Bonne nouvelle: Casterman arrête de nous prendre pour des cons et se décide à séparer sa division mangas de la maison mère. Le résultat se nomme Sakka, et c'est tout bénef pour eux aussi - s'ils font un travail de merde, la honte ne leur rejaillira pas dessus. Leurs livres sont toujours parmi les plus chers de l'édition manga française (entre 9 et 10€), mais la qualité générale semble s'améliorer (enfin un sens de lecture oriental!), tout du moins pour le papier et l'impression. Par contre, il est encore un peu tôt pour juger de la traduction: leur version de l'Habitant de l'Infini/Blade of The Immortal/Mugen no Jyuunin basée sur l'édition américaine me reste en travers de la gorge en tout cas. D'ailleurs, les gens se mettent à râler devant cette réédition à prix d'or jusque dans les pages officielles de Sakka... Sûrement afin d'éviter que ce genre de remarque ne se généralise, Sakka commence son aventure avec beaucoup de one-shots, dont Forget-Me-Not (merci pour les scans sur le site, ça m'évite d'en faire), signé Kenji Tsuruta.

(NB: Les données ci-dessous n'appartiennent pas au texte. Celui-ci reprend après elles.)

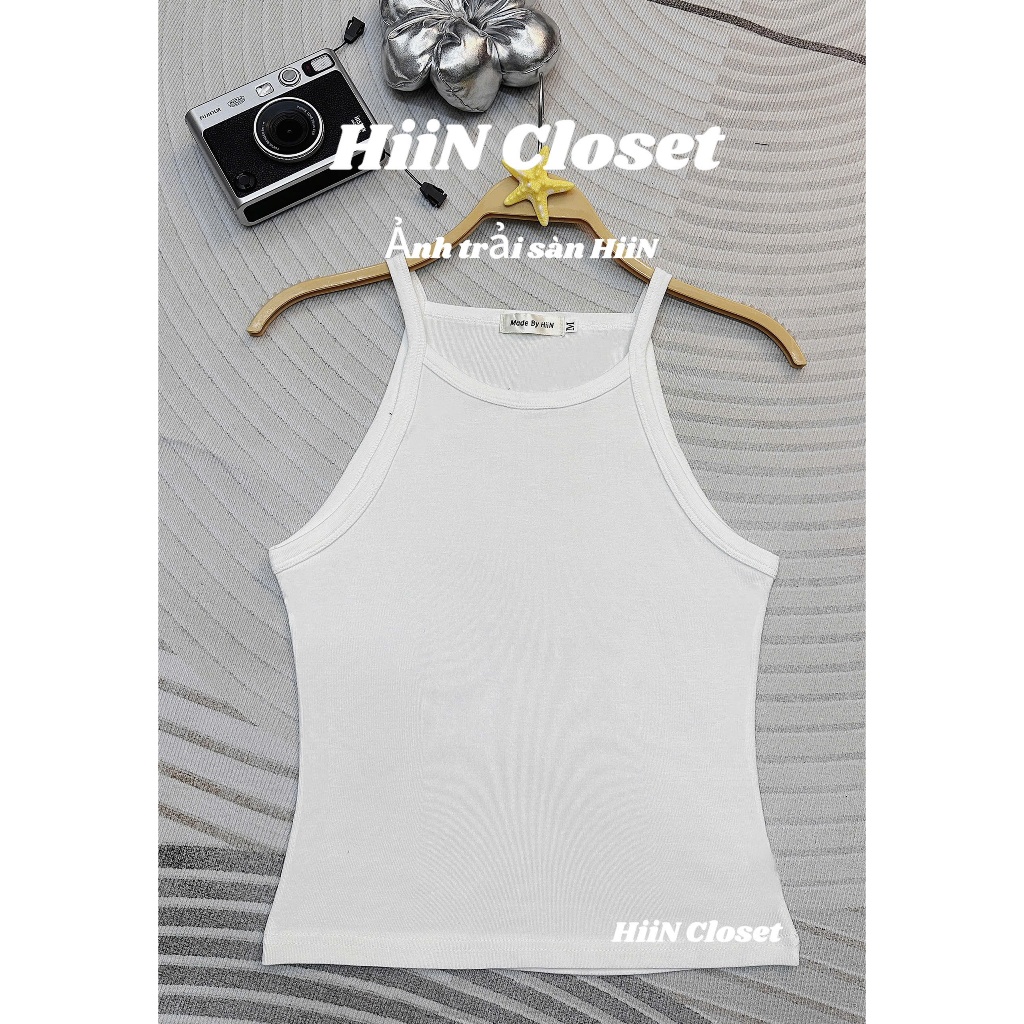 Áo 2 dây cổ yếm chất zip co giãn mềm mịn - Fom ôm body mặc cực xinh HiiNCloset -130 | BigBuy360 - bigbuy360.vn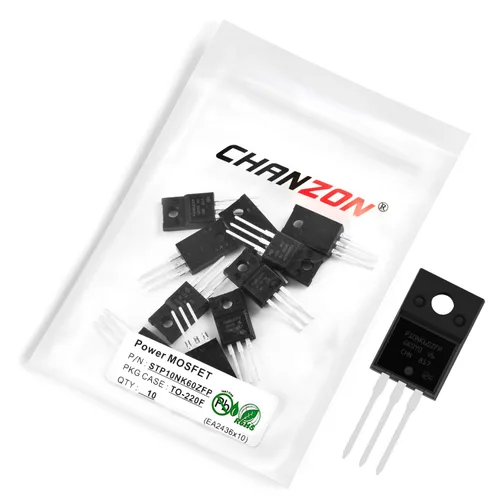 Vista 94 de Chanzon 2N60 TO-220AB NMOS MOS N-Channel Power MOSFET Transistor, alto voltaje y corriente nominal, (paquete de 10 unidades)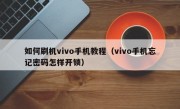 如何刷机vivo手机教程（vivo手机忘记密码怎样开锁）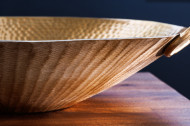Handgemaakte sierschaal ORIENT 55cm goudkleurig metaal gehamerd design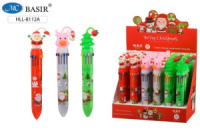 Ручка шар. многоцв. 12-ти цветная, "Новогодние" 0,5мм, прорезин.наконечник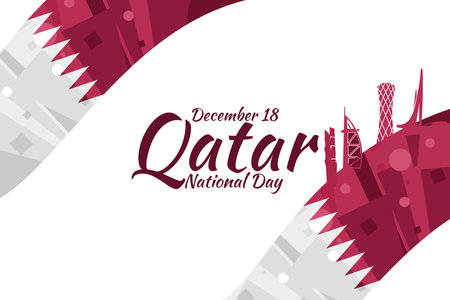December 18, Qatar National Day Vector Illustration. Suitable for greeting card, poster and banner.のイラスト素材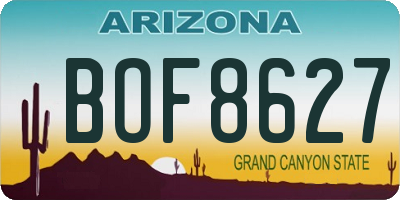 AZ license plate BOF8627
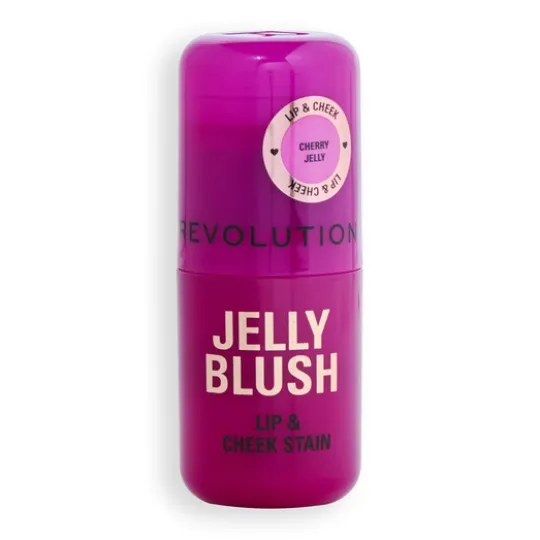 Revolution Jelly Blush Stick Lip and Cheek Stain Cherry Red 5,5 g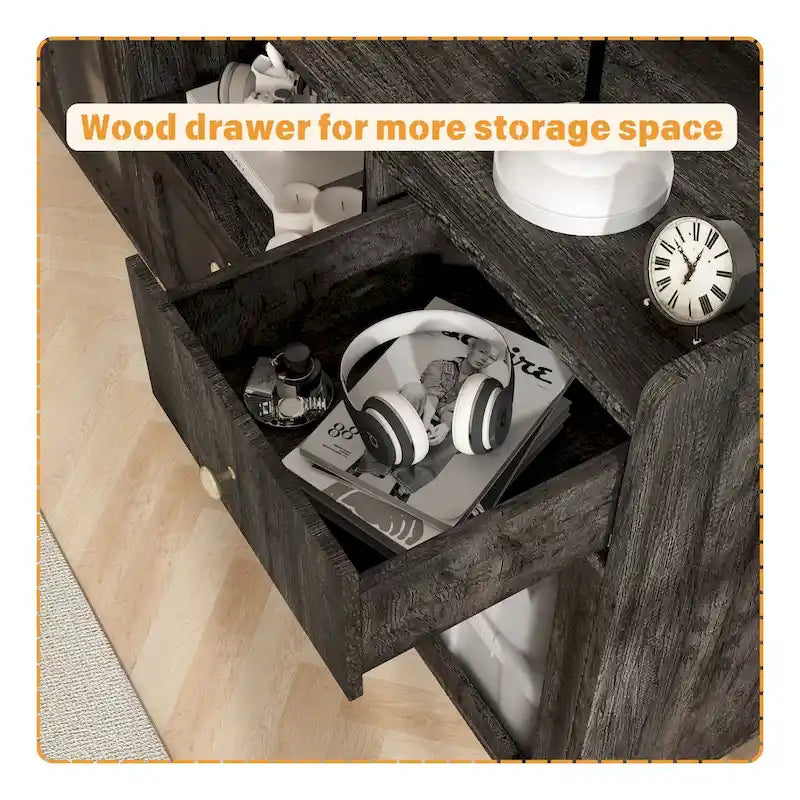 Sideboard Buffet Cabinets with Acrylic Door, Kitchen Storage Cabinets, Wood Coffee Bar Tables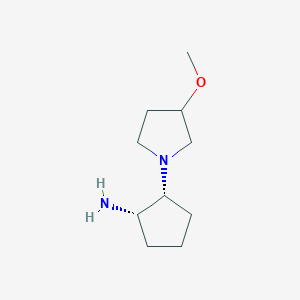 molecular formula C10H20N2O B2677767 rac-(1R,2S)-2-(3-methoxypyrrolidin-1-yl)cyclopentan-1-amine, cis CAS No. 2059923-79-2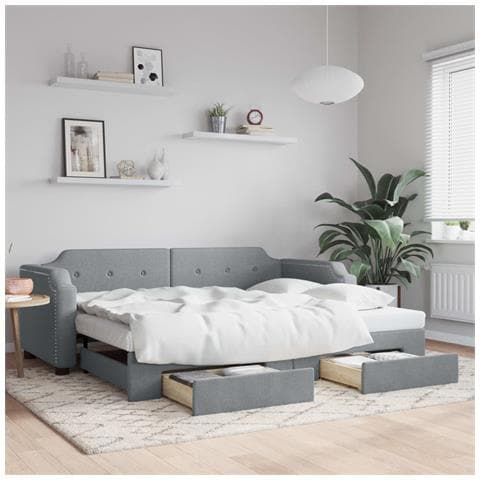 Divano Letto Estraibile Cassetti Grigio Chiaro 90x190cm Tessuto - Foto 1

Ca raconte l'histoire d'une fille de 20 ans qui s'appelle Mariel Imari et qui a hérité de ce nom bizarre parce qu'elle est issue d'un croisement nippo-italien... et vit à Venise. Déclic chez ceux qui me lisent depuis un petit moment et se souviennent de mes trois carnets de voyage là-bas. Ca tombe bien, on voit que l'auteur ne s'est pas limité à quelques bouquins pour représenter la ville où "on peut se rendre au travail en dauphin" (Homer Simpson). C'est fidèle, y'a des chats partout, les petites rues sont bien faites, bref c'est pas la carte postale touristique stéréotypée (et on ne voit pas un seul masque!). On entraperçoit aussi l'aéroport Roissy/Charles de Gaulle, pas trop moche non plus. Pour l'histoire, Mariel est une jeune détective issue d'une longue lignée de limiers... dont elle ne pourra toucher le fantastique héritage qu'à condition de retrouver le voleur d'un tableau de la collection familiale, l'éponyme "Forget-Me-Not". Et évidemment, le fieffé maudit n'est pas un Arsène Lupin du dimanche.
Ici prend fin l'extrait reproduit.